While it is true that jeopardy and termination assessments dispense with certain requirements that are usually followed in regular deficiency assessment procedures (for instance, the issuance of a notice of statutory deficiency), it does not mean that no protocols are in place. Should the IRS opt to exercise its authority in initiating jeopardy and termination assessments, the IRS still needs to follow certain procedural requirements.

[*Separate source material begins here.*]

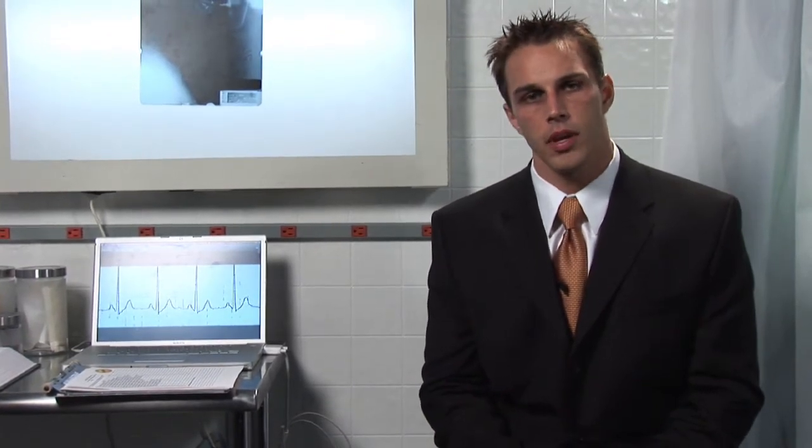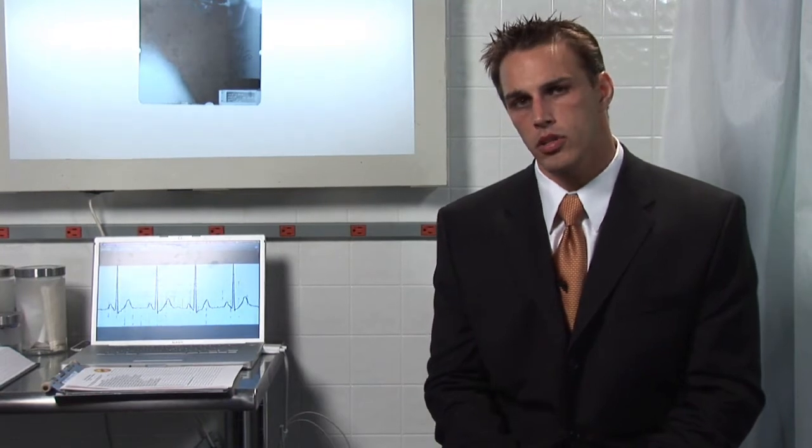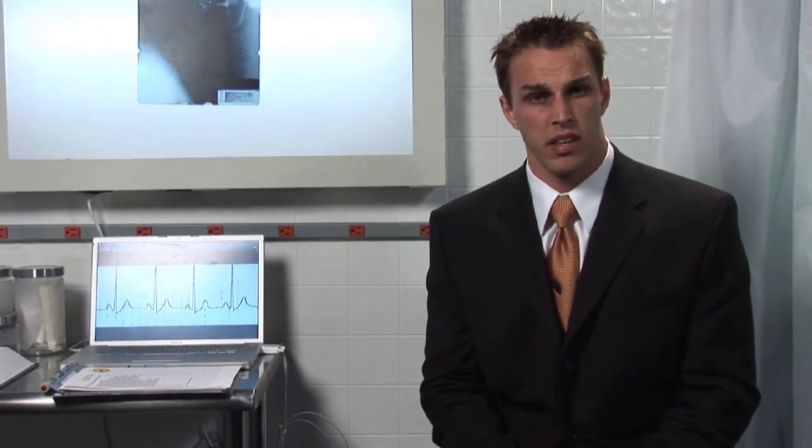I'm Dr. Savage, an osteopathic family practice physician in Tampa, and I'm going to describe how a deep vein thrombosis happens and what signs to look for when experiencing this, because this is a potentially life-threatening situation.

Making a Recommendation for Jeopardy or Termination Assessment
The IRS uses a form to initiate a jeopardy or termination assessment. In this form, the IRS must provide certain information including its compliance with all applicable procedural requirements; that the facts as found support a recommendation for jeopardy or termination assessment; the amount of taxpayer liability must be supported by proper documentation; and a reasonable finding of the taxpayer’s liability. Most importantly, the determination of the taxpayer’s liability must not be “arbitrary, capricious, or excessive in amount under the circumstances.”
A Rational Connection Between Facts Known and Inferred
All the documentation relevant to any assessment inquiry is presumed to be in the possession or control of the taxpayer. That is why the burden of proof in an assessment process lies with the taxpayer. The IRS does not have possession of all of the taxpayer’s records, and so sometimes information may be inferred based on information that is known.

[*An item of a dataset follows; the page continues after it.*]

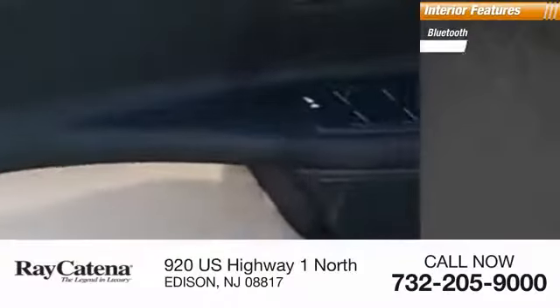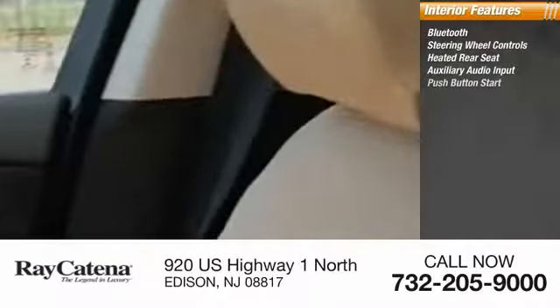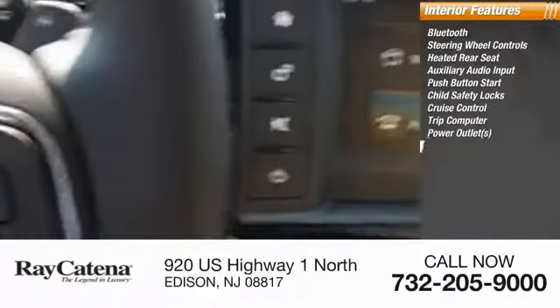Inside you'll find Bluetooth, steering wheel controls, heated rear seat, auxiliary audio input, push-button start, child safety locks, cruise control, trip computer, power outlets, and power windows. Drive away with a great deal on this vehicle — call or stop in today.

Given that jeopardy and/or termination assessment are a deviation from the regular deficiency assessment process, and given that the IRS is allowed some measure of inference into the facts supporting its recommendation for such an assessment, such inference must be circumscribed by certain criteria.
First, the facts on which inferences are made must be based on transactions or a volume of operations that span a reasonable period of time.
Secondly, the business activity upon which the inference is made must have been continuous or ongoing during the entire period of the projection.
Third, there is a reasonable comparison between the operations or transactions carried out during the limited period of time compared to the entire period.
Fourth, any inferences must be limited to those that are based on or grounded on provable facts.
Use of Illegally Seized Evidence
As a general rule, illegally seized evidence may not be used against a person. However, case law exists where the IRS was allowed to use the same as evidence in civil tax proceedings.
Again, because this is a deviation from the general rule of evidence, the IRS’s capacity to use such evidence is determined by the presence of preexisting requirements. For one thing, the IRS must not have initiated, and must not have participated, in the search wherein such evidence was illegally seized.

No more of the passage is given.